DATASET CONTENT:
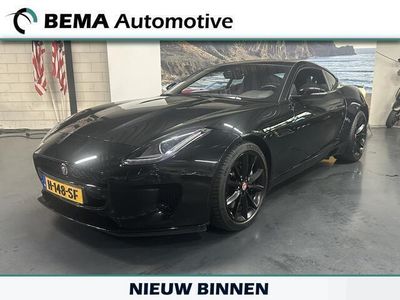 tweedehands Jaguar F-Type 2.0T NAVI/PANORAMADAK!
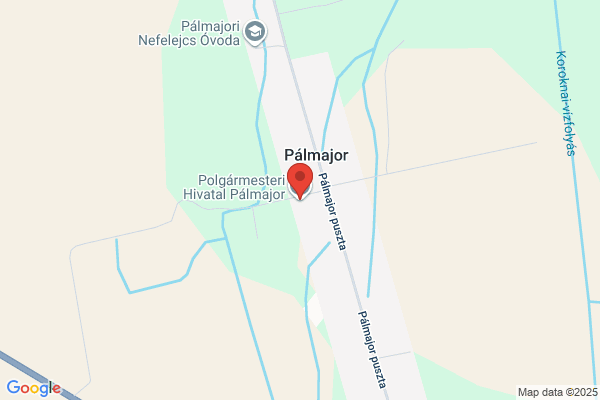 Pálmajor Polgármesteri Hivatal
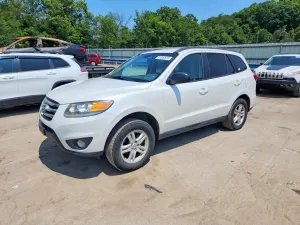 Hyundai Santa Fe 2.4L 4 2012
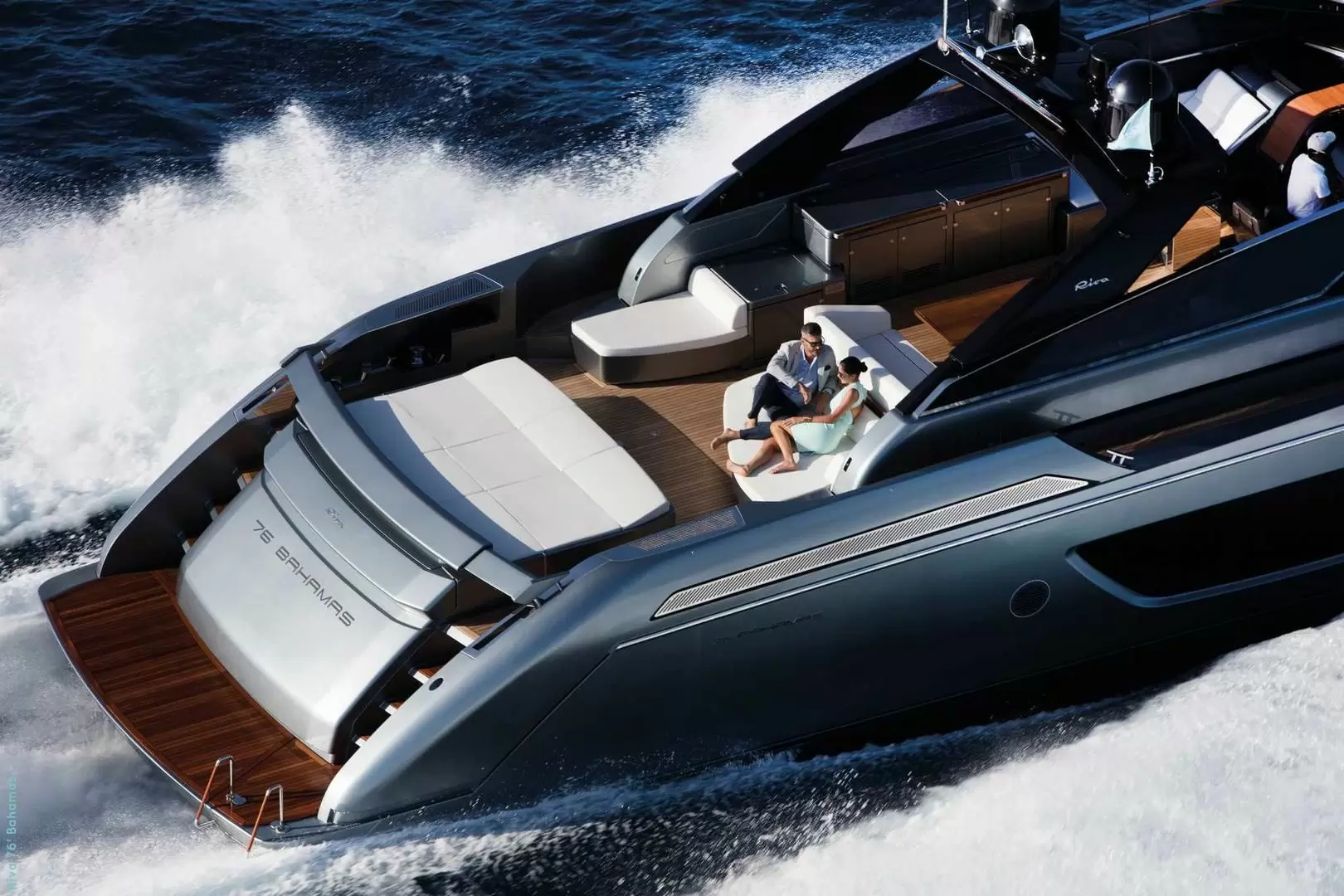 丽娃（Riva）DIABLE NEW-V12-1550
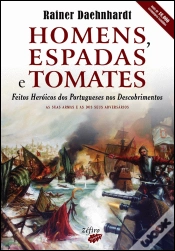Capa do artigo Homens, Espadas e Tomates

PROBLEM DETAILS: The copy you write must hold every record verbatim and none of the pictures.

OUTPUT:
 tweedehands Jaguar F-Type 2.0T NAVI/PANORAMADAK!
 Pálmajor Polgármesteri Hivatal
 Hyundai Santa Fe 2.4L 4 2012
 丽娃（Riva）DIABLE NEW-V12-1550
Capa do artigo Homens, Espadas e Tomates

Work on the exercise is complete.